- Born: Anita Stroud March 5, 1951 Baltimore, Maryland, U.S.
- Died: August 2025 (aged 74)

= Nkenge Touré =

Leader in the reproductive justice, anti-racism and black women's health movements

Nkenge Touré (born Anita Stroud, March 5, 1951 – August 2025) was a leader in the Reproductive Justice, Anti-Racism, and Black women's health movements and a former member of the Black Panther Party.

==Early life and activism==
Nkenge Touré was born Anita Stroud on March 5, 1951 to parents Juanita King and John Stroud. She has two younger brothers. Stroud grew up in public housing in Baltimore, Maryland, in a woman-headed household.

At Eastern High School in the late 1960s, Stroud and a few girls founded an underground student activist group called the Black Voice to protest institutionalized racism in her majority white school. This time period marked the beginning of Stroud's activist life, as well as her first experiences with police brutality at the age of seventeen. The members of the Black Voice were forcibly arrested for their role in organizing what became a large-scale student strike of local schools. Stroud was given the option to receive her high school diploma only if she apologized for her activism. She refused, and later earned a GED. In her latter high school years, Stroud became involved with Baltimore's Soul School and the Black Panther Party, which she went on to join. She was a member of the Party from 1970-1973, working in several chapters, including Washington, D.C.

She married John Wesley Stevens, also a Party member, and they took the names Nkenge and Patrice Touré. They had two daughters, Trina Stevens and Kianga Stroud.

==Career==
When many of the members of the D.C. Black Panthers chapter went to California to work on the mayoral and City Council campaigns of Bobby Seale and Elaine Brown in 1973, Touré and her husband stayed behind in D.C. They founded Save the People (STP) and ran the Education for Liberation Bookstore on 9th and H. Save The People was asked to sell The Black Panther, the Party's newspaper in the party's absence as well as continue providing free meals, health care, and education to the community.

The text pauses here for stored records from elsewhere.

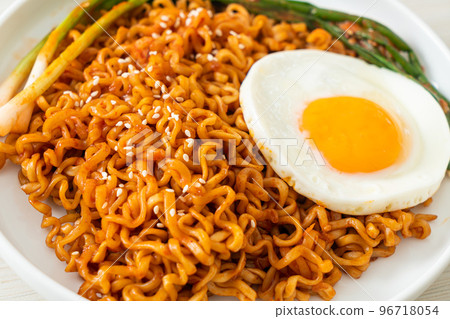 dried Korean spicy instant noodles with fried egg 96718054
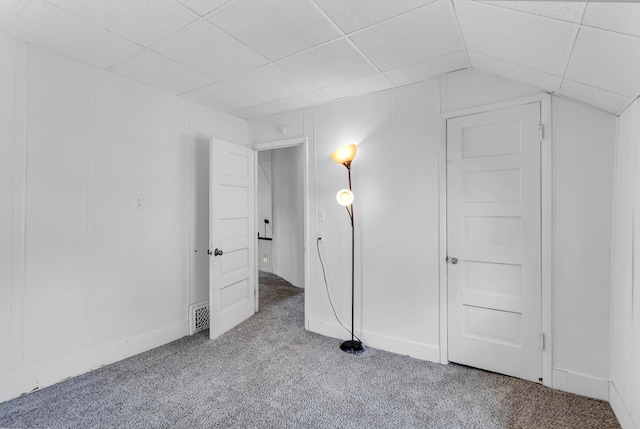 unfurnished bedroom with light carpet, lofted ceiling, and a paneled ceiling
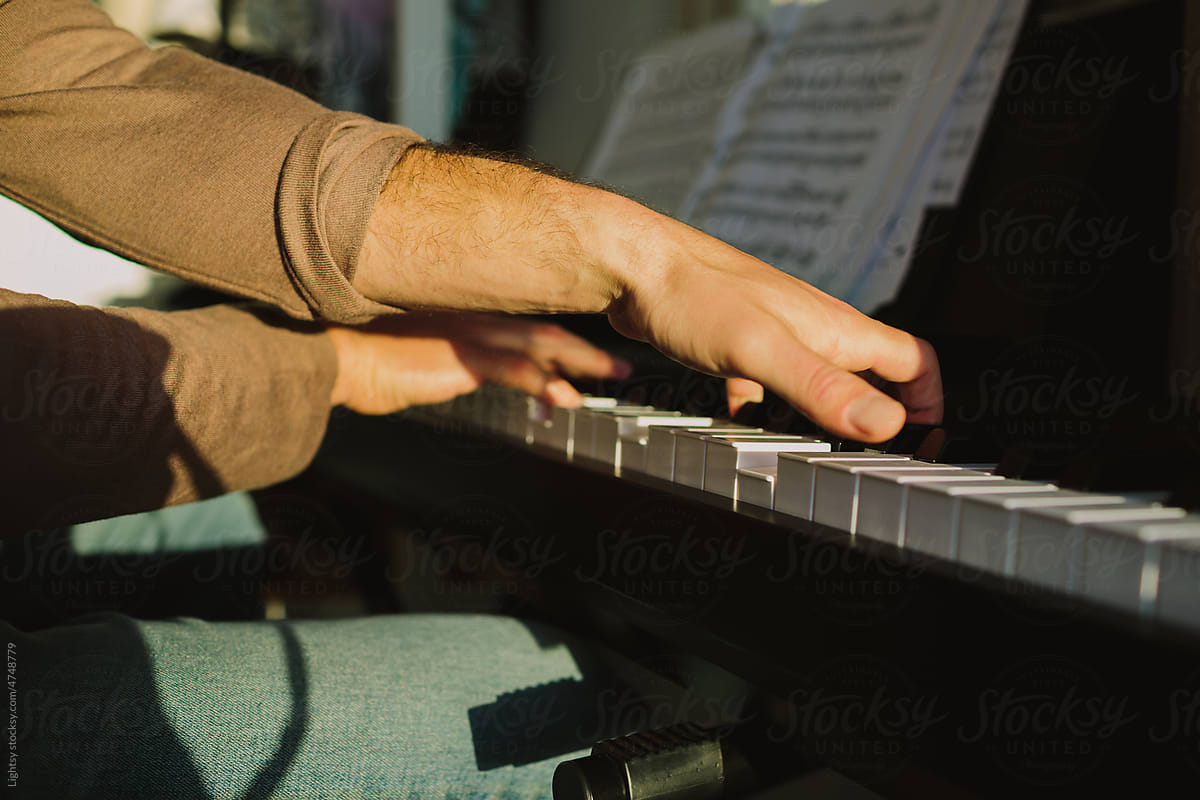 Man’s hands playing the piano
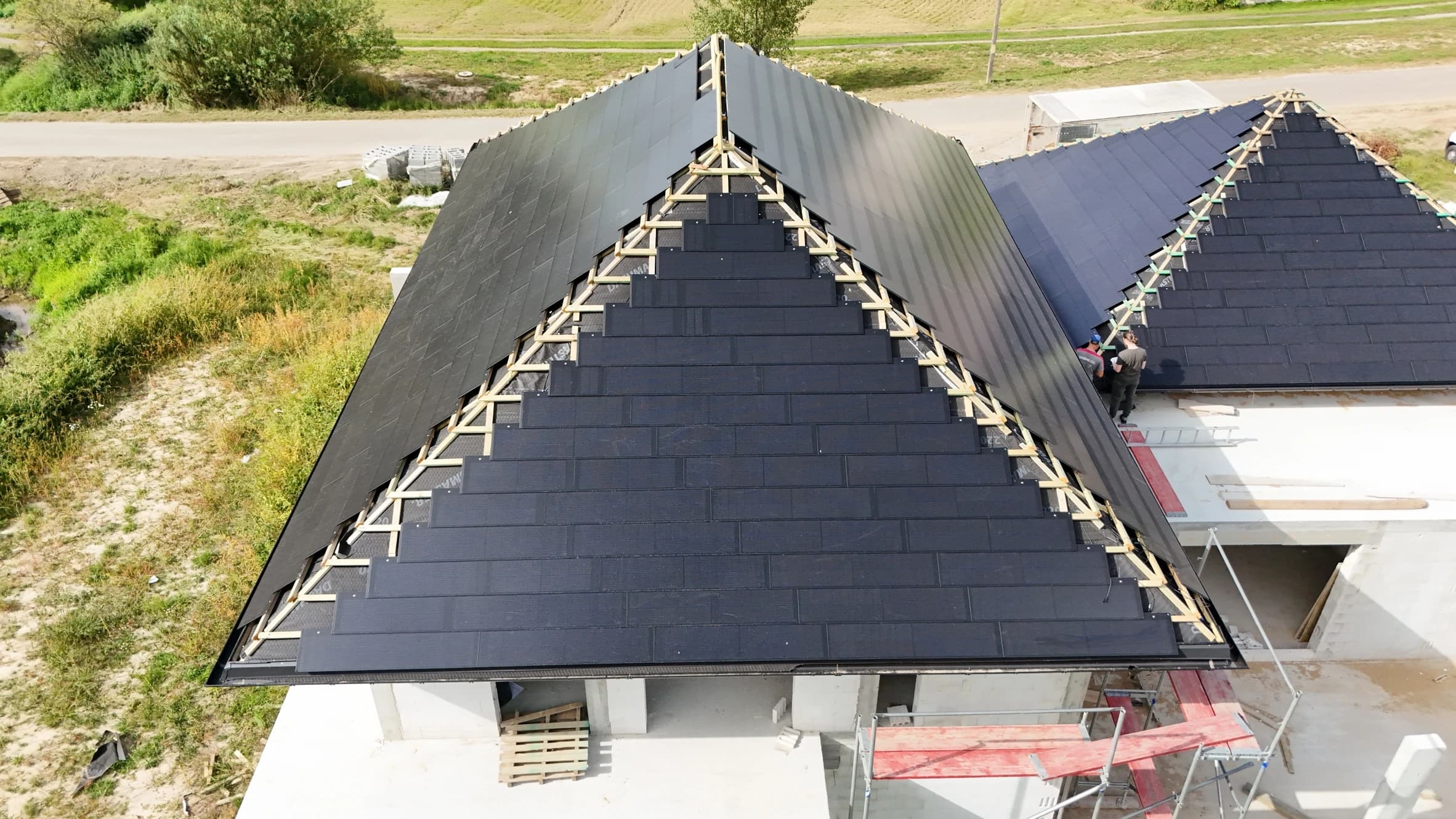 Aerial view of a house under construction with a dark, partially installed gable roof made of sleek solar tiles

In 1974 she became the second Black woman to join the staff of the D.C. Rape Crisis Center. Touré worked at the Center for thirteen years, serving as General Administrator and Director of Community Education. She wrote anti-sexual assault curricula for students, spoke widely, worked on their rape crisis hotline, and appeared regularly in the media. She pioneered DC's Anti-Rape Week and Coalition for a Hassle Free Zone, an anti-street harassment campaign. Nkenge and Patrice Touré were divorced in 1979.

Touré was one of the co-founders of the Women's Section of the National Black United Front, defending women's rights within Black Nationalist politics and ensuring their issues were represented. In 1982, Touré co-founded the International Council of African Women (ICAW) with Loretta Ross to prepare a delegation of American women to attend the 1985 United Nations Conference on Women in Nairobi, Kenya. ICAW was the primary source providing information, support, and encouragement to African American women to organize delegations and attend the "Herstoric" conference. She was President of the D.C. Chapter of the National Black Women's Health Project (now Black Women's Health Imperative) from 1987-1994.

Since 1990 she worked with women substance abusers, women living with HIV/AIDS, women and children residing in transitional housing, and babies born with HIV. Touré was a weekend volunteer and served on the board of My Sister's Place, a shelter for battered women and their children, and on the board of the National Center for Human Rights Education. She has been active with SisterSong Women of Color Reproductive Justice Collective.

==Media presence==
Since leaving the D.C. Rape Crisis Center in 1988 until 2018, Touré had hosted her own weekly radio show, "In Our Voices," which served as a platform for the voices and issues of women on D.C. radio station WPFW. She and guests discussed issues from the perspective that any issue is a women's issue. Also at WPFW, Touré served as the Executive Producer of Sophie's Parlor, the oldest women's music and politics collective in the United States.

==Writing and awards==
Touré received numerous awards for her ongoing hard work and commitment to human rights and justice for women of color in the D.C. area and worldwide. Her writings on these subjects can be read in a number of publications including Aegis and Vital Signs. She also spoke widely at rallies, speak outs, and conferences.

== Death ==
As of August 20, 2025, WPFW reported that Touré had died.